After securing Premier League survival at the London Stadium, Villa have parted ways with, and replaced Jesús García Pitarch, the club’s Sporting Director with the jury still out for most of the 13 players he helped recruit last season.

An outlay of £140m was the price Villa paid to clinch top-flight survival, but with only a point separating an immediate return to the Championship, club officials are keen to avoid replicating the problems of last summer and focus on effective recruitment.

Johan Lange was the first appointment Villa made in a bid to restructure recruitment and youth player identification strategies. The Dane, formerly of FC Copenhagen enjoyed great success in building a culture at the Danish Superliga giants, recruiting top young talent from all corners of the globe and embracing new ideas to remain on top of a saturated transfer market.

Joining Lange as a Head of Recruitment, former Leicester City and Tottenham talent spotter Rob Mackenzie will bolster Villa’s ranks behind the scenes.
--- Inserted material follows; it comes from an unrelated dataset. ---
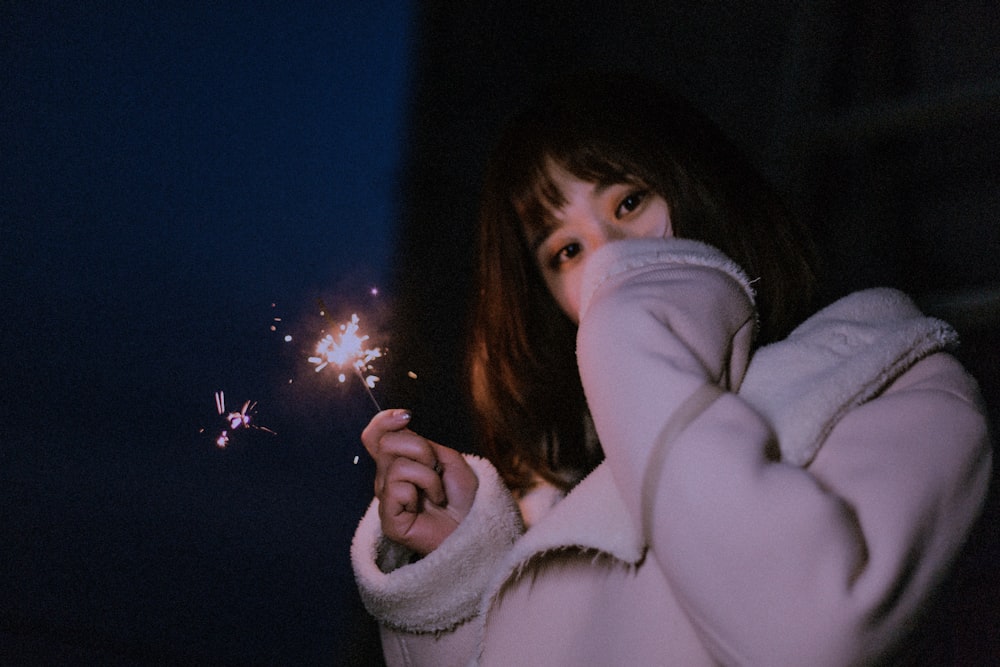 woman holding sparkler light in dark surface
Newly appointed Assistant Head Coach, Craig Shakespeare has also been headhunted to add some more familiarity around Bodymoor Heath.

Highly-rated Mackenzie is joining from Belgian club OH Leuven after CEO Christian Purslow carried out a thorough review of their recruitment department and the club see his appointment crucial to improving their business in the transfer market.

Mackenzie’s biggest achievement to date in football was to help assemble Leicester’s 2016 Premier League winning side that included instrumental signings Riyad Mahrez and N’Golo Kanté. He worked as the club’s head of technical scouting from 2011 to 2015.

After an impressive four years in Leicester, Mackenzie has held roles as head of player identification at Tottenham Hotspur before returning to the East Midlands as director of recruitment at Derby County.

More recently, Mackenzie headed Leicester City’s sister club and Belgian side OL Leuven’s recruitment team by introducing a modern, data-driven approach which helped them win promotion to the Belgian Premier League last season.

Mackenzie also has a background in analytics and at Villa are keen to strengthen that aspect of their approach to scouting and profiling players.

Unearthing the next wave of Premier League stars is no easy job, and there’s no given strategy nor database that can predict the potential of players like Kanté or Heung-Min Son, two of the stars Mackenzie identified with the potential to break into the ‘elite’ players bracket.

Mackenzie was also integral to luring Southampton’s former centre-half Toby Alderweireld away from St Mary’s with no shortages of offers from around Europe.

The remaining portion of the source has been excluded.